▶ **Task requirements**:
Copy from the first line below down to and including the line with "The species must". Skip the pictures.

(Data records)

=-=-=-=-=

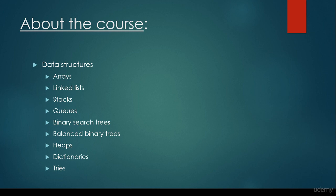As far as data structures are concerned, we are going to talk about arrays, linked lists, stacks and queues, of course binary search trees and balanced binary search trees, heaps, dictionaries, and tries in the end.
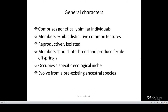The species must contain some general characters. They are genetically similar individuals. Members exhibit distinctive common features — we know a species has some common features — and they are reproductively isolated. As per the definition, members should interbreed and produce fertile offspring. It occupies a specific ecological niche.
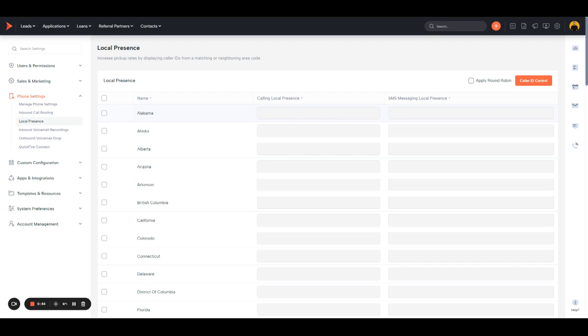You can have it use the same one every time or apply a round robin if you want it to use a different one each time, just to spread the calling out a little bit.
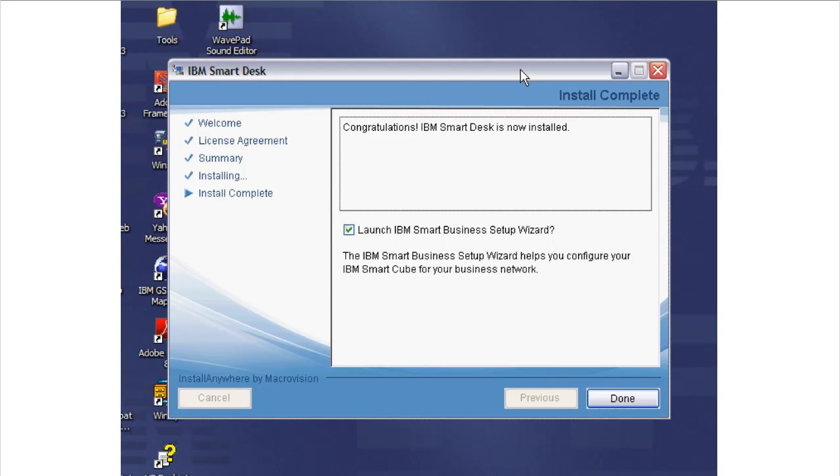The SmartDesk client and the wizards included with it—the Setup Wizard, Application Installer, and Network Wizard—are now on the system. The QuickStart client is also installed. It provides the multicast DNS responder to always find the SmartCube and its applications.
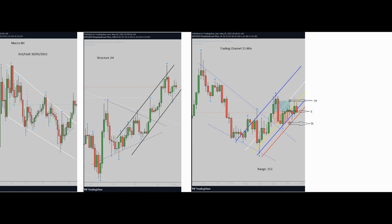With a proper risk-to-reward ratio, the entry signal was obviously shown. The target is set at the TP level I showed in the picture, and my stop loss was at the SL level I showed on the picture as well. My target was touched, and this trade was profitable as well. Thank you for watching — see you in the next one.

=-=-=-=-=

▶ **Solution for this problem**:
As far as data structures are concerned, we are going to talk about arrays, linked lists, stacks and queues, of course binary search trees and balanced binary search trees, heaps, dictionaries, and tries in the end.
The species must contain some general characters. They are genetically similar individuals. Members exhibit distinctive common features — we know a species has some common features — and they are reproductively isolated. As per the definition, members should interbreed and produce fertile offspring. It occupies a specific ecological niche.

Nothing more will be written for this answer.